TASK REQUIREMENTS: Give again, exactly and without pictures, the lines running from the line with "emendamento Costa cittadini" to the end of the records below.

DATA FOR PROCESSING:
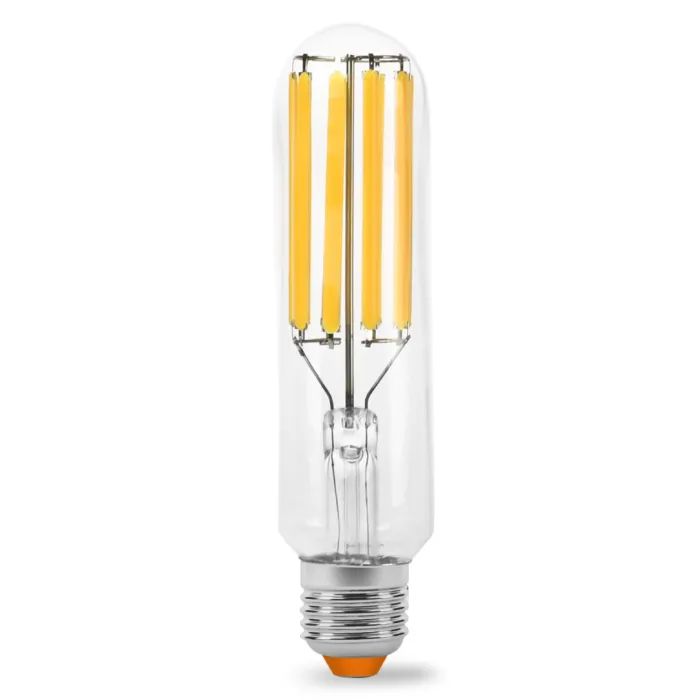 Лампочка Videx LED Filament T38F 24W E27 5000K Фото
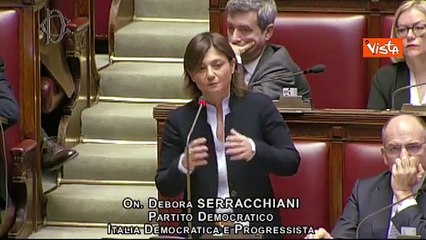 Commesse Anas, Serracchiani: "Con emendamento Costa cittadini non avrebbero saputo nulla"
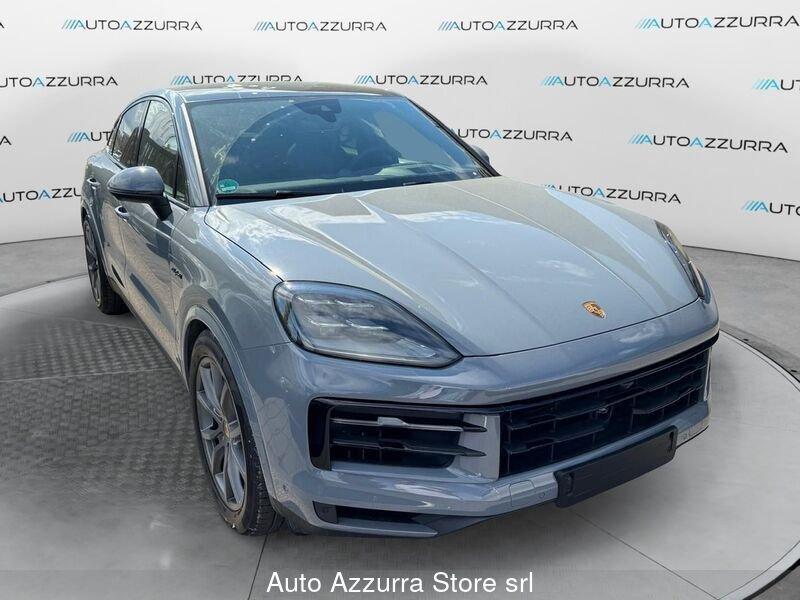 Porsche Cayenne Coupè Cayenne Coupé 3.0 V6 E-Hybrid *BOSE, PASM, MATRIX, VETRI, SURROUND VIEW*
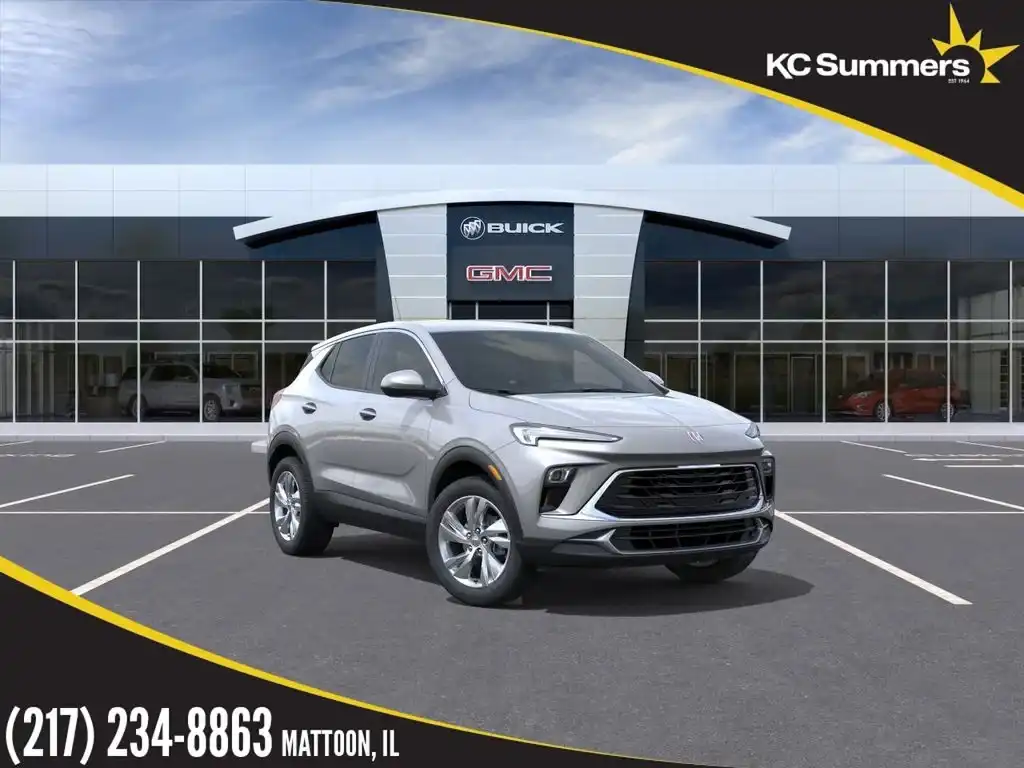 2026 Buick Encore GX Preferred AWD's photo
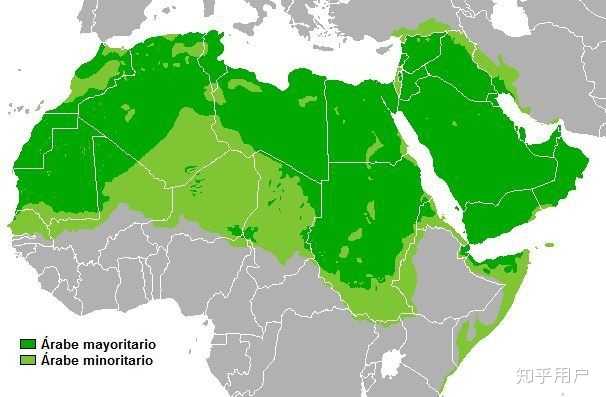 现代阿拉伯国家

OUTPUT FOR THIS EXERCISE:
 Commesse Anas, Serracchiani: "Con emendamento Costa cittadini non avrebbero saputo nulla"
 Porsche Cayenne Coupè Cayenne Coupé 3.0 V6 E-Hybrid *BOSE, PASM, MATRIX, VETRI, SURROUND VIEW*
 2026 Buick Encore GX Preferred AWD's photo
 现代阿拉伯国家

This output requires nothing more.